Member of Parliament for Shama
- Incumbent
- Assumed office 7 January 2025

Deputy Western Regional Minister
- In office 2009 – January 2013
- President: John Evans Atta Mills

Personal details
- Party: National Democratic Congress
- Occupation: Politician

= Emelia Arthur =

Ghanaian politician

Emelia Arthur (born 1 October 1966) is a Ghanaian politician and development specialist.

Emelia Arthur is a consultant and former Advisor to the President of Ghana from 2013 to 2017 where she assisted presidential appointees in aligning manifesto objectives with presidential objectives and specific sector policy goals.

She is currently serving as the Minister for Fisheries and Aquaculture and the Member of Parliament (MP) for the Shama constituency.

She is a member of the National Democratic Congress (NDC). She previously served as the Deputy Western Regional Minister and as the District Chief Executive for Shama. Arthur is passionate about inclusive governance, strengthening institutional capacity, and youth empowerment. This passion has enabled her to facilitate trainings for international organizations on leadership, gender policies, and inclusion.

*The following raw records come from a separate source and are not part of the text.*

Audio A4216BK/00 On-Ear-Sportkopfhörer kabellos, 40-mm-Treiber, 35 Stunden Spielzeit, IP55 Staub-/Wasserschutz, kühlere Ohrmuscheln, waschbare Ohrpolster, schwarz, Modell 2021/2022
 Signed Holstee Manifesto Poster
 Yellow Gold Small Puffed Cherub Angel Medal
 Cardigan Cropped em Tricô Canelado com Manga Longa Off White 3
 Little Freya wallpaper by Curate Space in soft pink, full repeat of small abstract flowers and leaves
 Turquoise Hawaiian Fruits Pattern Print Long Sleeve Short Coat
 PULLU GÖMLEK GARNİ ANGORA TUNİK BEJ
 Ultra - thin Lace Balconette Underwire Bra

== Early life and education ==
Emelia Arthur was born in Shama in the Western Region of Ghana. She is a Yale World Fellow (2002) and holds a Master’s degree in Public Administration. Her academic and professional background is rooted in natural resource governance, gender inclusion, and sustainable development. Arthur is recognized as a prominent voice in revolutionizing Ghana’s fisheries sector, applying community-centered leadership skills in her role.

== Political career ==
Emelia Arthur began her career in local governance, notably serving as the District Chief Executive (DCE) for the Shama District.

In January 2025, President John Dramani Mahama appointed Arthur as the Minister for Fisheries and Aquaculture. During her vetting and subsequent assumption of office, she outlined a "Blue Economy Initiative" aimed at sustainably managing Ghana's marine and freshwater resources.

She was appointed by President John Evans Atta Mills to serve as the Deputy Western Regional Minister, a role she held until the end of the administration's first term in January 2013. Following this, she served as a Presidential Staffer and Advisor to the President from 2013 to 2017, focusing on policy alignment and manifesto implementation.

In the December 2024 general elections, Emelia Arthur contested the Shama constituency seat on the ticket of the National Democratic Congress. She won the election with 57% of the total votes cast, defeating the incumbent to represent the constituency in the 9th Parliament of the Fourth Republic.

== Policy and advocacy ==
As Minister, Emelia Arthur has focused on several critical areas within Ghana's maritime sector:

- EU "Yellow Card": She has pledged to expedite reforms to address the European Union's concerns regarding Illegal, Unreported, and Unregulated (IUU) fishing. This includes a major review of the Fisheries Act (Act 625) to strengthen sanctions and improve transparency.
- Aquaculture Development: Arthur has emphasized aquaculture as a sustainable alternative to declining marine stocks, launching initiatives such as the "Tilapia and Catfish Friday" to promote local consumption and support small-scale fish farmers.
- Sustainability: She has advocated for the use of Electronic Monitoring Systems (EMS) on industrial trawlers and the establishment of Marine Protected Areas (MPAs) to restore fish populations.